Several years into the program, we observed that our sexual minority population, much like our general psychiatric population with significant disabilities, had great difficulty reintegrating within the larger LGBT community and the general community at large, despite the provision of LGBT–affirmative therapies. We came to believe that it was incumbent upon us to facilitate the creation of a socio-cultural component within a recovery model, in addition to the psychosocial and medical services already offered.

This resulted in the creation of an affiliated membership program, the Rainbow Heights Club (RHC). As members, individuals did not have to be enrolled at the clinic, and this allowed LGBT patients from all over the New York metropolitan area to attend. The larger numbers helped to approximate the diversity found within the city’s LGBT community. And, with the creation of an LGBT consumer advisory group, members came up with a name for the club and helped steer program development.

LGBT individuals with major mental illnesses can be reluctant to engage in psychiatric treatment and adhere to treatment regimens over time, because they are less likely to identify with mainstream settings. They are a minority in these settings, and are also subject to stigma in the LGBT community because of their mental illness and in psychiatric settings because of their sexual minority status. And, unlike other ethnic and racial minorities, their families typically do not share their sexual identity. Thus they can be particularly prone to a lack of affirmation and supports.

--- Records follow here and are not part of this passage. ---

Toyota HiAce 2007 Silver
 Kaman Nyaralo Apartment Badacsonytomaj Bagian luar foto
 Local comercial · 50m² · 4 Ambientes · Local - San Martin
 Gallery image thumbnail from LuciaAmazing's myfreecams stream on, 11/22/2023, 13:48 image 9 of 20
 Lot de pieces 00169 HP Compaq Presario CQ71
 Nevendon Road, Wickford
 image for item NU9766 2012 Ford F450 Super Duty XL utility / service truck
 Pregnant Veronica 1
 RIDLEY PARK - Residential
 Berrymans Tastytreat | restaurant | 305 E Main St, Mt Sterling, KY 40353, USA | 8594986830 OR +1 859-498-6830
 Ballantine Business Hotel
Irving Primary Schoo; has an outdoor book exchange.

LGBT patients have to adapt to largely heterosexual, cisgendered (those comfortable in their gender of birth) mental health settings in virtually all areas of service delivery. Well-intentioned, “integrated” settings fall short when they do not provide safe, culturally relevant opportunities for the alienated LGBT patient. Culturally appropriate programming, fostered at all organizational levels, has the power to transform these patients into LGBT persons in recovery.

A crucial component of recovery for the LGBT consumer is peer support. LGBT peer support allows for a process of authentic identification with others like oneself. It promotes forms of socialization, role modeling, and individuation not otherwise available in the generic setting. Mainstream cultural settings often inadvertently rob the LGBT patient of their experience as a sexual minority person with a different, yet valid, worldview. LGBTAP and RHC were organized to facilitate peer support by bringing a “proto-community” of individuals together that had never previously connected.

Separation from the dominant heterosexual, cisgendered world and connection with sexual minority peers is a common step in the healthy psychological development of sexual minority individuals. Major mental illness can tear people away from that process, and mainstream psychiatric settings typically provide no substitute. LGBTAP and RHC created the conditions and opportunities for these individuals to connect with each other, thereby creating a unique cultural community in which pride, place, self-esteem, support, and hope could be nurtured, as the weight of mental illness became merely a shared part of that larger process.

As a unique, regional program, RHC has served almost 500 members. Collaborating with staff and peer specialists, members have made their needs and interests known, the result being an ever-evolving program of groups, support, skills training, and advocacy. An outcome study of this recovery model found that participants attributed significant improvement in adherence with treatment regimens, reduction in psychiatric symptoms, enhanced self-esteem, improved stress tolerance and hopefulness to the program, despite an average of 16 years of previous psychiatric treatment.1 To appreciate the depth of this program, please visit http://www.rainbowheights.org.

1 Hellman, R.E.; Huygen, C.; Klein, E.; Chew, M.; & Uttaro, T. (2010.) A study of members of a support and advocacy program for LGBT persons with major mental illness. Best Practices in Mental Health: An International Journal, 6(2), 13–26.